Designer Jessica Grubiša says she was born to do what she doesby Nicky Pellegrino
Is the entrepreneurial spirit Millennials need to survive?
“From as young as I can remember, I’ve always wanted to be a designer, and I’ve worked towards that,” Grubiša says. “I’m a born-to-be: I believe I was born to do this and nothing else was ever an option.”
Fulfilling her ambition meant juggling three jobs and putting out a clothing range while studying fashion at Whitecliffe College of Arts and Design in Auckland, where she met her design partner, Madeleine Harman. She has enthusiastically worked for free to gain experience and knowledge. Her big OE was just a two-week holiday in New York. And now she puts in a seven-day week, overseeing production, designing clothes, managing staff, wooing sponsors and serving behind the counter at the Harman Grubiša store in Auckland’s Herne Bay.

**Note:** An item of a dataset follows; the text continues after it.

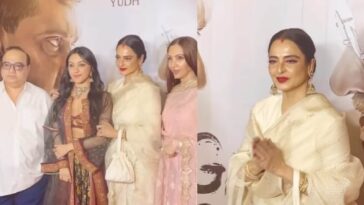 Rekha deslumbra con un sari blanco en un evento cinematográfico, los fanáticos la llaman 'siempre hermosa' mientras demuestra su condición de veterana de la moda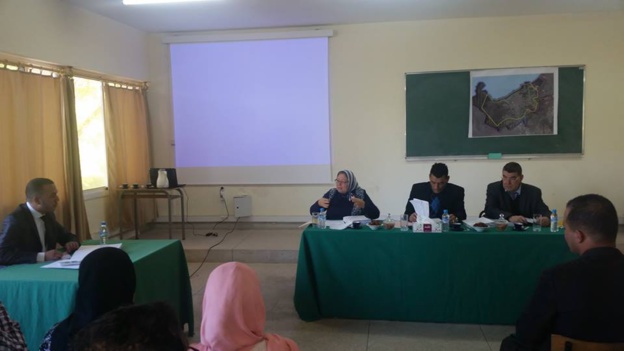 مناقشة رسالة في موضوع النظام القانوني للغرامة التهديدية دراسة في ضوء النص القانوني والعمل القضائي تحت إشراف الدكتور سعيد الروبيو تقدم بها الباحث محمد أعراب مناقشة رسالة في موضوع النظام القانوني للغرامة التهديدية دراسة في ضوء النص القانوني والعمل القضائي تحت إشراف الدكتور سعيد الروبيو تقدم بها الباحث محمد أعراب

“I’ve always had a very strong work ethic,” explains Grubiša. “I was brought up to believe that if you want something, you work for it. And I’m not afraid to take risks. We take a lot every day. Even having a product sitting in a store that is going to be worn by a woman is a risk. But you can’t not take risks because you’re afraid of a bad outcome otherwise you’d never do anything.”
There have been setbacks along the way, but Grubiša isn’t easily discouraged.
“We’ve been challenged a lot. When we started, we sought advice from lots of people in the industry who we admired, and they challenged us. Consistently, we’ve had to fight for what we’ve achieved. But if you really want to do something, you’re going to do whatever it takes to get it.”
Grubiša is forging her own individual path, following her passion and showing the entrepreneurial spirit her generation is being told it will need to survive. But she warns that it is vital to have a strong foundation before attempting to build a business.
“Madeleine and I always wanted to start a label together, but no one should ever do that straight off the back of university; you need to work and explore. My advice is to intern as much as possible and soak up information, figure out what you really want and equip yourself for it.”
This month, Harman Grubiša launches a footwear range, and the design duo have also recently collaborated with a jeweller. It is all part of a plan to become a lifestyle brand and find a niche internationally. “We want to be in every woman’s wardrobe. But we’re cautious, we’re building it gradually.”
Gritty and focused, Grubiša has no plans to skip from career to career. In 10 years, she expects to still be working seven-day weeks in fashion.
“It’s draining and intense and you do make a lot of sacrifices … but I love what I do.”